### DIRECTIONS
Look below for the line that contains "Used 2023 Chevrolet", then quote it and all the lines after it, exactly, with the pictures left out.

◇ ◇ ◇ ◇

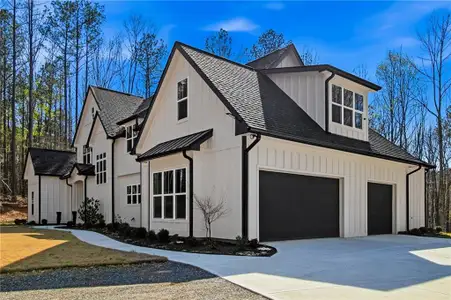 New construction Single-Family house 5567 Tyree Rd, Winston, GA 30187 - image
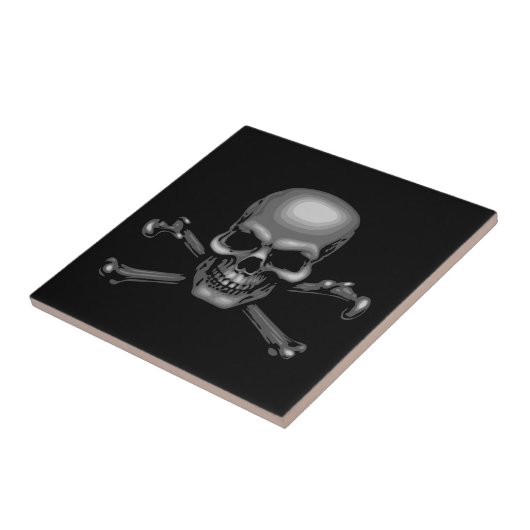 暗くMarky タイル (側面)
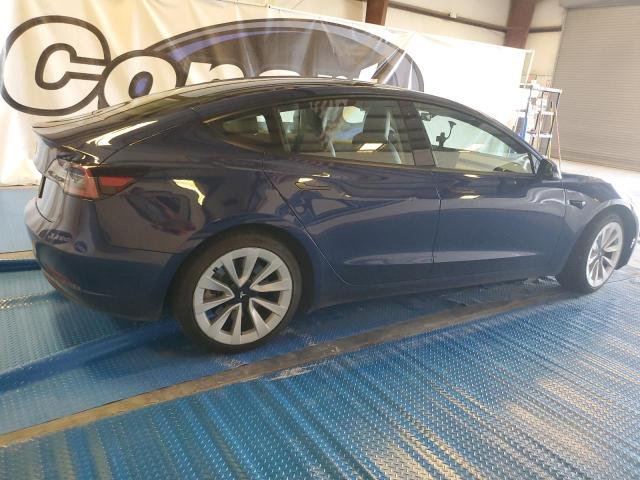  TESLA MODEL 3 2022 Blue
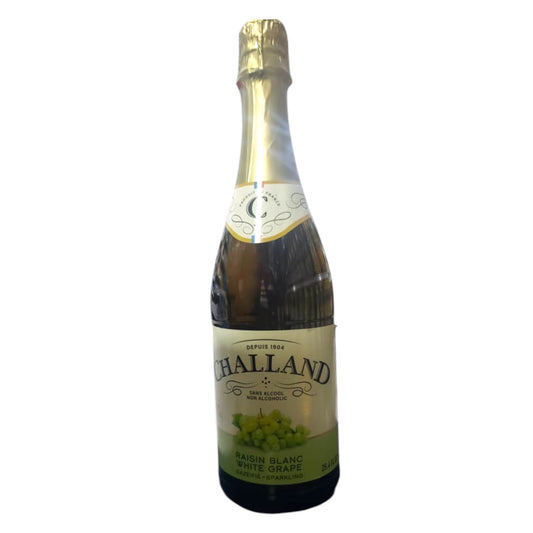 CHALLAND SANS ALCOOL  (NON ALCOHOLIC)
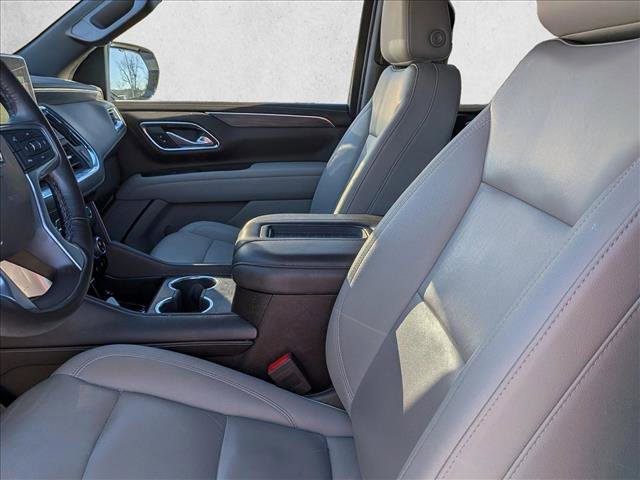 Used 2023 Chevrolet Tahoe Z71 w/ Luxury Package image 15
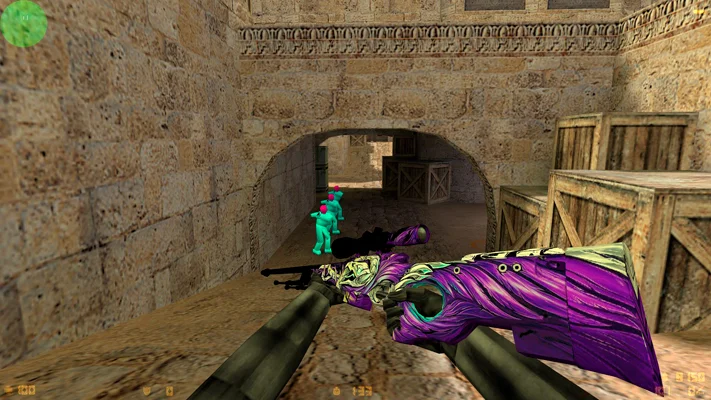 CS 1.6 от Kiryanov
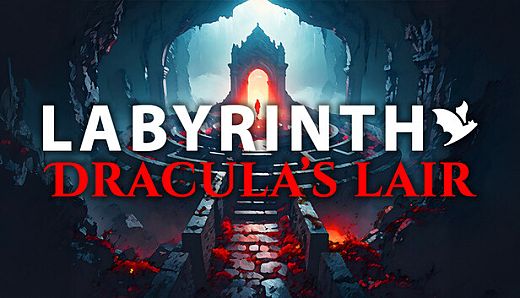 Labyrinth : Dracula's lair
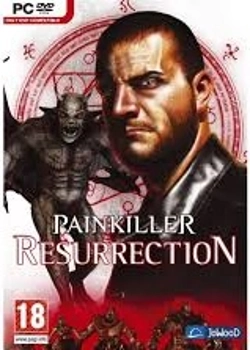 Capa do artigo Painkiller: Resurrection PC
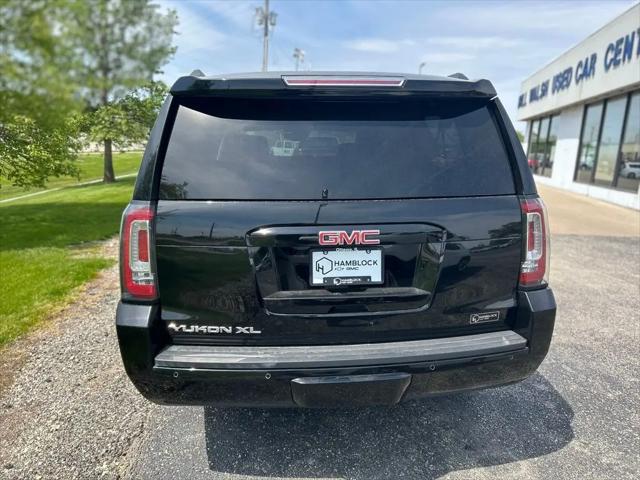 2019 GMC Yukon XL SLT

◇ ◇ ◇ ◇

### ANSWER BELOW
 Used 2023 Chevrolet Tahoe Z71 w/ Luxury Package image 15
 CS 1.6 от Kiryanov
 Labyrinth : Dracula's lair
 Capa do artigo Painkiller: Resurrection PC
 2019 GMC Yukon XL SLT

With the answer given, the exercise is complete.